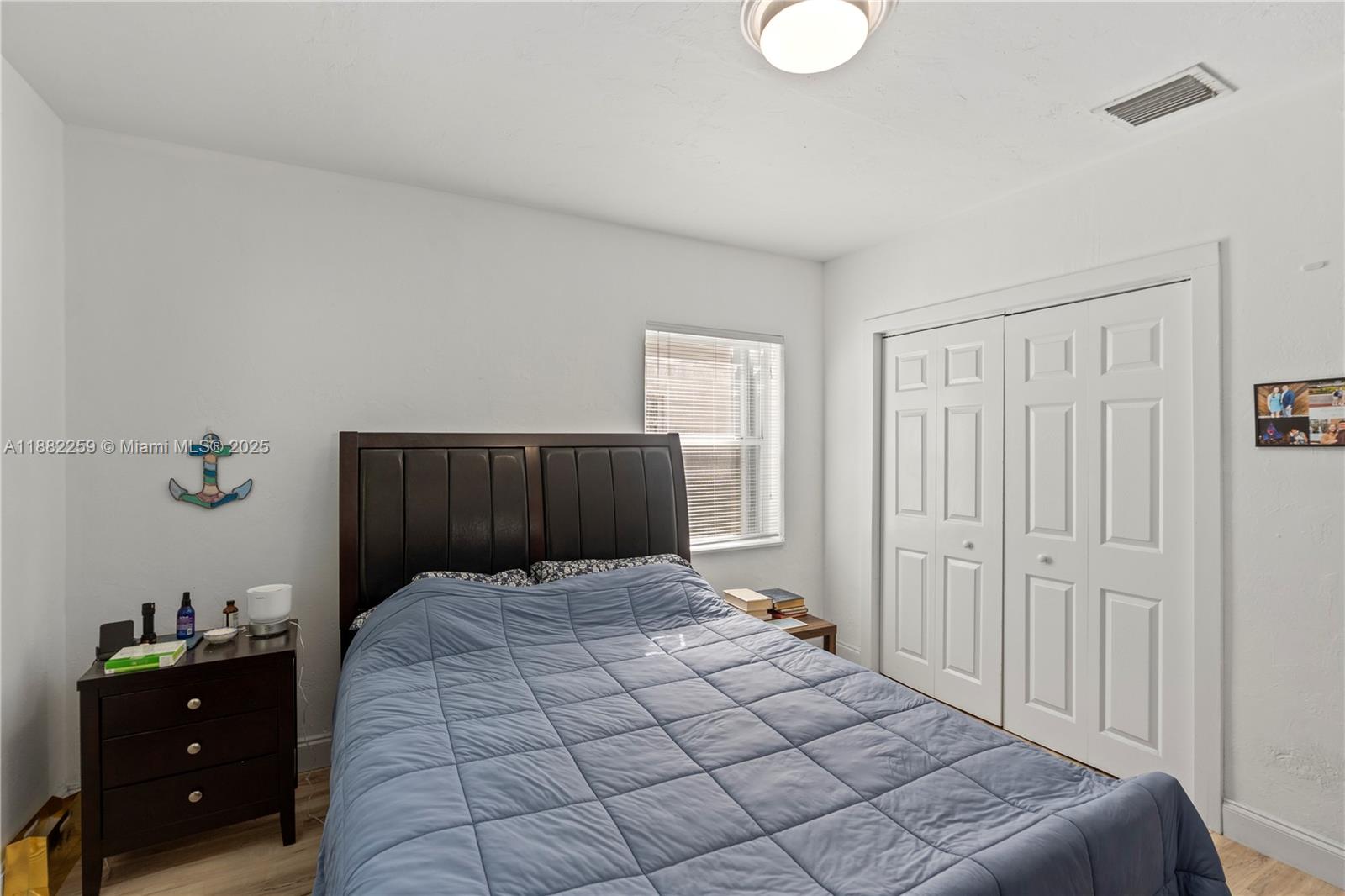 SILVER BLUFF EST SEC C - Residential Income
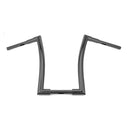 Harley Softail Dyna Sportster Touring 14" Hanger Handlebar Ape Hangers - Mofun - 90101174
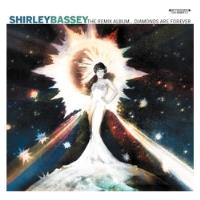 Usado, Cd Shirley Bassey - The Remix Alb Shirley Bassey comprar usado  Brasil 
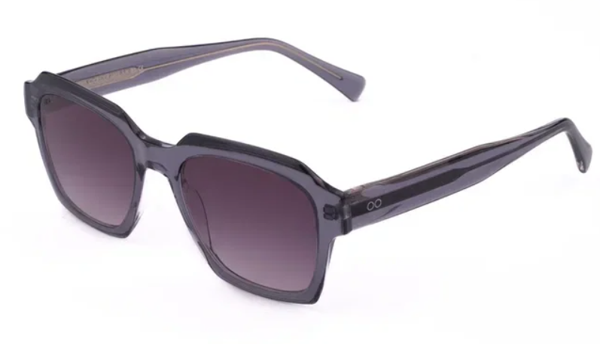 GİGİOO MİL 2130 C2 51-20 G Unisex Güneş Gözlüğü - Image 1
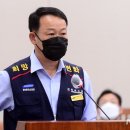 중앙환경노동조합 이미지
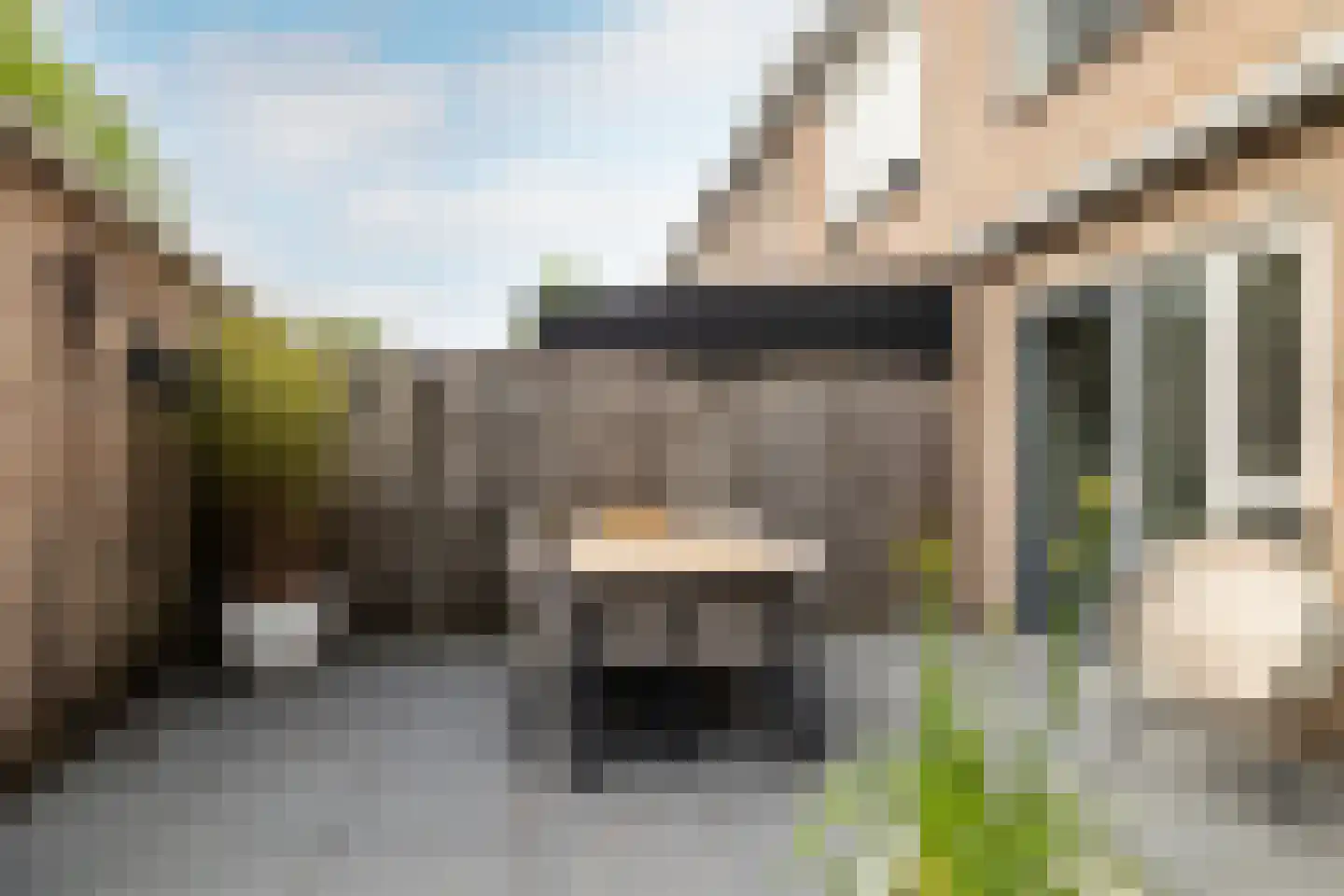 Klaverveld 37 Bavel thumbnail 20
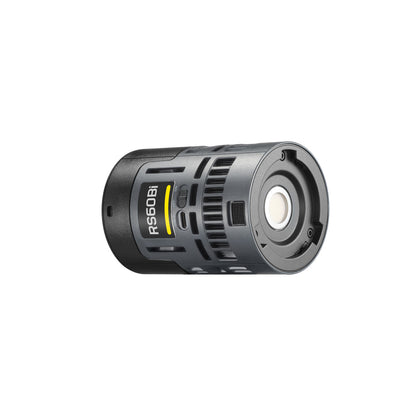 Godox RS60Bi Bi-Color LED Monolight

________________________________________

TASK DETAILS
Nothing but the lines from the one containing "Usado, Cd Shirley" through the end of the listing should be printed, each exactly as it appears and without pictures.

ANSWER TO THE PROBLEM
 Usado, Cd Shirley Bassey - The Remix Alb Shirley Bassey comprar usado  Brasil 
 GİGİOO MİL 2130 C2 51-20 G Unisex Güneş Gözlüğü - Image 1
 중앙환경노동조합 이미지
 Klaverveld 37 Bavel thumbnail 20
 Godox RS60Bi Bi-Color LED Monolight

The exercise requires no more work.